Saçları dalgalı uzun,gözlerinde ise sanki her an ağlayacakmış gibi bir hüzün ifadesi hakimdi Tamer’in.Gözleri siyahtı.Aynı saçları da öyle.Ama bu siyah o kadar canlı bir siyahtı ki aldığımız siyah bir tişörtün renk tonunu 46 yıl boyunca değiştirmemiş hali gibiydi.Hafiften sakallı,yakışıklı denilebilecek bir tatlılığı vardı.Kişilik olarak ise nerede ne yapacağı kestirilemeyen tiplerdendi.Kimi zaman oldukça sakin,kimi zamanda deli gibi çılgın olabiliyordu.Mesela onunla 1 hafta geçiren bir kadınla 2 hafta geçiren bir diğer kadın Tamer’i kesinlikle çok farklı tarif ederlerdi.Ama hiçbir olumsuz ifade kullanmazlardı.O aşamaya gelmeleri için en az 1 yıllarını Tamer’le geçirmeleri gerekirdi.Mesela bu yönünde oldukça başarılı biriydi.Kendi yanlışlarını ya da beğenilmeyen yönlerini saklamakta.Ama yine de bir kadın için oldukça ideal bir erkek olabilirdi.Kendisinin söylemiyle olmuştu da.Yalnız bundan 10 yıl önce kaybetmişti eşini.Söylediği kadarı ile oldukça mutlu bir evliliği varmış.Ama çok uzun sürmemiş.Çevresindekilerin onun ailesiyle bildikleri tek şey bu 2 cümleden fazlası değildi.Çünkü Tamer kimseyle doğru düzgün konuşmaz ve görüşmezdi.Kimseye kolay kolay özel bir sırrını da anlatmazdı.Buda onu çevresinde oldukça gizemli kılan özelliklerinden bir tanesiydi.Tamer iş hayatında ise bütün kişilik özelliklerinin aksini sergileyen biriydi.Özel hayatının aksine iş hayatında oldukça hırslı,yenilgiyi kabul etmeyen ve lider ruhlu birisiydi.İkna kabiliyeti oldukça yüksekti.Bu özelliği her alanda onun işine yarıyordu.Herhangi bir tartışmada veyahut anlatmak istediği herhangi bir şeyi öyle güzel öyle derinlemesine anlatırdı ki hiç alakam yok diyen biri bile ağzı açık dinlerdi.Hatta öyle ki bir kişiyi sokakta çıplak dansa bile ikna edebilirdi.Arkadaş konusunda ise oldukça başarısızdı.İş hayatının dışında görüştüğü hiç kimse yoktu.Hayatında ona en yakın olan daha doğrusu olmaya çalışan kişi ise yine aynı deneyi sürdürdüğü labaratuar arkadaşı ve aynı zamanda çalıştığı bölümün müdürü olan Kadir’di…

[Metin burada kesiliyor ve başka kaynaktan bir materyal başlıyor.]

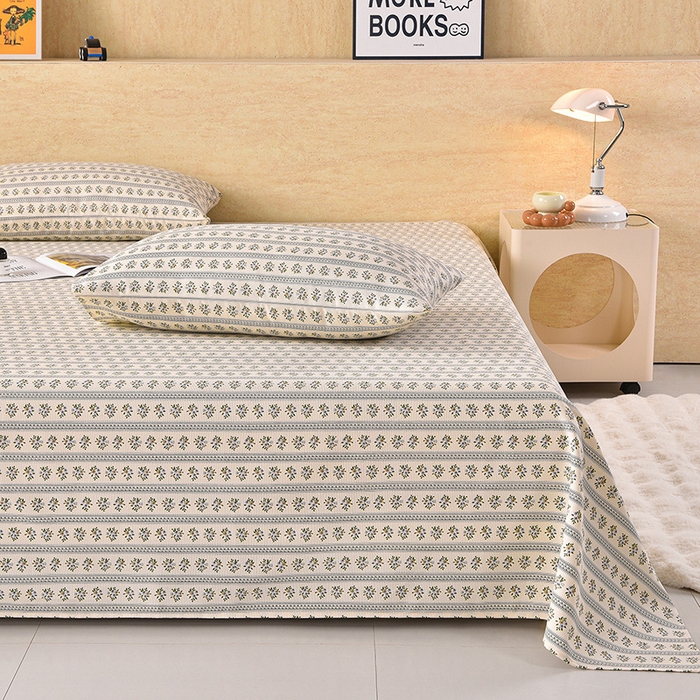 91家纺网 家纺一手货源 找家纺 德比尔斯  2026新款原棉老粗布凉席印花床单三件套 慕夏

Tamer’in işinden bu kadar bahsettikten sonra ney ile uğraştığını merak ediyorsunuzdur.Bunu zaman gösterecek.Şuan için işinin çok önemli olduğunu bilmeniz yeterli olacaktır.Bütün o araştırmaları başlatan kişinin de Tamer olduğu ve son olarak Kadrinin o araştırma bölümü açıldığında yaptığı basın açıklamasında gazetelerde çıkan haber manşetindeki;
’’ Beyin özrü onarılabilir mi ? ’’ sorusu da zamanla birçok şeyi aydınlatacaktır…
Yemeğin sonlarına yetişebilmişti Tamer.Lokantaya girdiğinden beri etrafa çok değişik bir bakışı vardı.Hareketleri normalin dışındaydı.Bir süre arar gözlerle etrafa baktı.Cemal’in her yerde kendini fark ettiren uzun,kahverengi ağaç kütüğüne benzeyen şapkasını gördüğü halde hiç dikkat etmemiş sanki aradığı başka bir şeymiş gibi kuşkulu ve korkmuş bakışlarını gezdirmeye devam etti diğer insanların üzerinde.Bir an duraksadı.Gözlerinde dehşet dolu bir anlatım oluşmuştu.Korkuyordu sanki.Birden ne yaptığını bilmezcesine,uzun saçlarını eliyle geriye attıktan sonra lokantanın içerlerine doğru yürümeye başladı.Kısa bir süre sonrada arkadaşları tarafından fark edildi.Kadri bir eliyle çatalı tutmuş diğer eliyle Tamer’i yanlarına çağırıyordu.’’Tamer,Tamer’’ diye bağırıyor,Tamer bunları hiç aldırmayınca ses tonunu daha da yükseltiyordu.Öyle ki bu bağrışı çevresindekileri rahatsız etmeye bile başlamıştı.Ama Kadir bunu hiç aldırmıyor,zaten büyük olan ağzını don lastiği gibi geriyor Tamer’in dikkatini çekmeye çalışıyordu.En sonunda da amacına ulaşmıştı.Tamer bakışlarını Kadri ve tayfasının olduğu masaya çevirdi ve hiçbir tepki göstermeden somurtkan bir ifadeyle yanlarına doğru yol aldı…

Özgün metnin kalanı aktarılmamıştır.